Here are two amusing math problems that I encountered in the last three days.
  1. I received the following email concerning my 50th High School Class Reunion:
    A chart (that won't reproduce on my computer) shows that 41% of Senn High students today were born outside the U.S.; North America 258; Asia 145; Africa 118; Europe 34; and South America 13.
    Assuming that none of today's Senn High students were born in Australia, Antarctica, on islands, or on the high seas, how many students attend Senn today?

  2. While at the football game my friend said to me, "One team has exactly twice as many points as the other." I said, "Reversing the order of the digits of one score gives the other." Were both of us right?

Addition and Subtraction

In class the "join and count method" for adding two positive integers a and b: Take two disjoint sets A and B having a and b elements respectively and join them together of form a new set. The new set then has a+b elements. We also discussed the "mark and translate" method for adding two positive real numbers a and b on a number line: Using a yardstick draw a line and mark zero and a on the line.
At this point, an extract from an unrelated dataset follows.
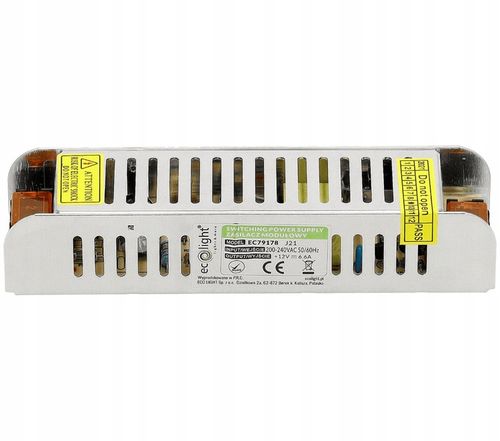 Zasilacz LED 12V Slim 80W Do Taśmy LED EcoLight na Arena.pl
Then translate the yard stick so that zero and a align and mark b. The distance from the the last mark to the original zero is a+b. Consider the following:
  1. What is a good way of explaining why the two methods give the same answer? Hint: Make appropriate sets A and B.
  2. What is the analog of the "join and count method" for subtraction?
  3. What is the analog of the "mark and translate" for subtraction?
  4. How would you apply these methods to angles?

Is a picture a proof?

You can cut up a triangle and rearrange the pieces to make one of larger area!

The area of a circle.

Here is a circle of radious 10 drawn on graph paper.
  1. How many squares are strictly inside the circle?
  2. How many squares intersect the inside of the circle?
  3. How many squares intersect the (boundary of) the circle?

Some Standards.


Here are the assigned problems for each chapter.
  1. Chapter 1. Learning to measure. Due: Thursday Sep 13, 2007.
    1. Section 1.1 Measurement Problems. #1-2, #4-10.
    2. Section 1.2 Measuring Length. #3-4, #6-7, #9-12.
    3. Section 1.3 Measuring Weight and Capacity. #1-12.
    4. Section 1.4 Measuring Angles. #1-10.
  2. Chapter 2. Geometric Figures. Due: Thursday Sep 27, 2007.
    1. Section 2.1 Fundamentals. #1-7.
    2. Section 2.2 Triangles. #1-6.
    3. Section 2.3 Quadrilaterals. #1-3,6,7,10,11.
    4. Section 2.4 Constructions. #1-11.
  3. Chapter 3. Finding Unknown Angles. Due: Thursday Oct 4, 2007.
    1. Section 3.1 Unknown Angle problems. #1-6.
    2. Section 3.2 Using Parallel Lines. #1-5.
    3. Section 3.3 Angles of a Polygon. #2-5.
  4. Chapter 4. Deductive Geometry. Due: Tuesday Oct 16, 2007.
    1. Section 4.1 Unknown Angle Proofs. #1-12.
    2. Section 4.2 Congruent Triangles. #1-7, 10.
    3. Section 4.3 Applying Congruences. #1,3,6, 11.
    4. Section 4.4 Quadrilaterals. #1-3, 5.
    5. Section 4.5 Transformations and Tessalations. #1-8.
  5. Chapter 5. Area. Due: Tuesday Oct 23, 2007.
    1. Section 5.1 Units. # 2,4,8.
    2. Section 5.2 Rectangles. # 1,2,3,5,19,12.
    3. Section 5.3 Triangles, Parallelograms, Trapezoids. # 1,2,3,4,5,9.
  6. Chapter 6. Pythogorean Theorem. Due: Tuesday Nov 6, 2007. Quiz on chapters 5 and 6 on Thursday Nov 15.
    1. Section 6.1 Introduction. # 1-12.
    2. Section 6.2 Square Roots. # 1,2,7-9,12,14,15.
    3. Section 6.3 Special Triangles. # 1-6, 10, 16, 17.
  7. Chapter 7. Similarity. Due: Tuesday Nov 20, 2007. Quiz: Nov 29.
    1. Section 7.1 Introduction.# 1,8,9-13.
    2. Section 7.2 Similar Triangles.# 1-6, 7.
    3. Section 7.3 Coordinates and Slope.# 2, 7,9,10,12,16,17.
    4. Section 7.4 Trigonometry.# 1-3.
  8. Chapter 8. Circles etc. Due: Tuesday Nov 27, 2007. Quiz Dec 6.
    1. Section 8.1 Conversion and Rescaling. # 6-9.
    2. Section 8.2 Circles and Pi.# 3-7.
    3. Section 8.3 Sectors.# 3,6,9.
  9. Chapter 9. Volume and Surface Area. Due: Thursday Dec 6, 2007. Quiz Dec 13.
    1. Section 9.1 Introduction. # 1-3, 8.
    2. Section 9.2 Metric Volume. # 1-6, 8.
    3. Section 9.3 Prisms and Cylinders. # 3-8.
    4. Section 9.4 Pyramids and Cones. # 1,2,5.
    5. Section 9.5 Spheres. # 1,2,4,5.